Par Pymouss — Travail personnel, CC BY-SA 3.0, https://commons.wikimedia.org/w/index.php?curid=28139533

https://upload.wikimedia.org/wikipedia/commons/3/35/Crypte_de_Saint_Amadour.jpg

Crypte de Saint-Amadour, Rocamadour, Lot, France

https://commons.wikimedia.org/wiki/File:Crypte_de_Saint_Amadour.jpg


La crypte Saint-Amadour est une église ancienne constitutive de la cité religieuse de Rocamadour dans le Lot en France.

Localisation

La crypte est située au flanc de la falaise du canyon de l'Alzou au sein du sanctuaire Notre-Dame sur la commune de Rocamadour dans le Lot, en France. En face de l'escalier des pèlerins, sur l'esplanade, un autre mène à l'église inférieure ou crypte Saint-Amadour.

Historique

Dès le XIIe siècle, Rocamadour possède une vierge romano-gothique dans un petit sanctuaire, l'église Sainte-Marie ou Notre-Dame. Géraud d’Escorailles, abbé de Saint-Martin-de-Tulle et qui a la charge du site, entreprend de 1152 à 1188, à y développer le pèlerinage marial, notamment en attirant les pèlerins qui convergent vers Compostelle. Rocamadour et le Quercy sont à cette époque dans la sphère d'influence des Plantagenêt. Henri II Plantagenêt vient à Rocamadour en 1159 et 1170.

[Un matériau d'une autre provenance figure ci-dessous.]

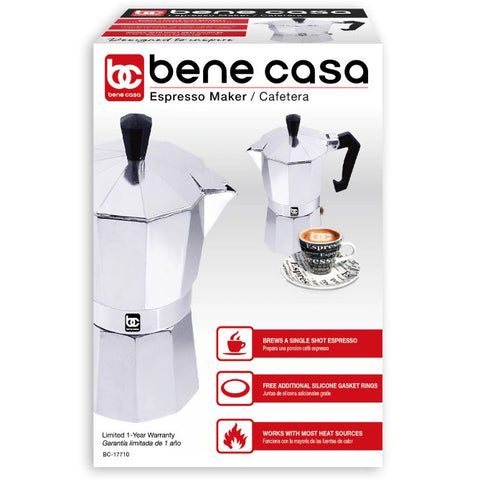 Wholesale-Bene Casa 17710 - 1 Cup Aluminum Espresso Maker-BC-17710-Electro Vision Inc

En 1166, un corps en parfait état de conservation à proximité est miraculeusement découvert en creusant la tombe d’un défunt. Attribuée à saint Amadour, un ermite qui ne serait autre que Zachée disciple de Jésus, il est déposé dans l'actuelle crypte. Les miracles s'accumulent : 126 sont authentifiés et inscrits dès 1172. Les pèlerins accourent de toute l’Europe. En 1244, Saint Louis et sa mère Blanche de Castille y viennent prier Notre-Dame.

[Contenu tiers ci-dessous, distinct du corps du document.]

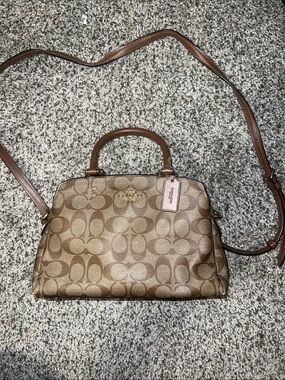 Coach Brown Signature Canvas Satchel with Leather Trim and Strap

En 1562, pendant les guerres de Religion, les Huguenots pillent et brûlent le sanctuaire, n'épargnant pas les reliques du saint. Les habitants sauvent des flammes quelques os qu'ils enferment dans un reliquaire resté caché pendant plusieurs années. Réduit à une dimension locale aux siècles suivants, le pèlerinage périclite et les procès-verbaux révolutionnaires notent la ruine des bâtiments qui ne sont restaurés à l'initiative des évêques de Cahors qu'à partir de 1842.

Avec l'ensemble du site, la crypte bénéficie de nombreuses protections : elle est inscrite au patrimoine mondial de l'Unesco et classée monuments historiques. En 2013, le sanctuaire a célébré son millénaire au cours d'une grande année jubilaire.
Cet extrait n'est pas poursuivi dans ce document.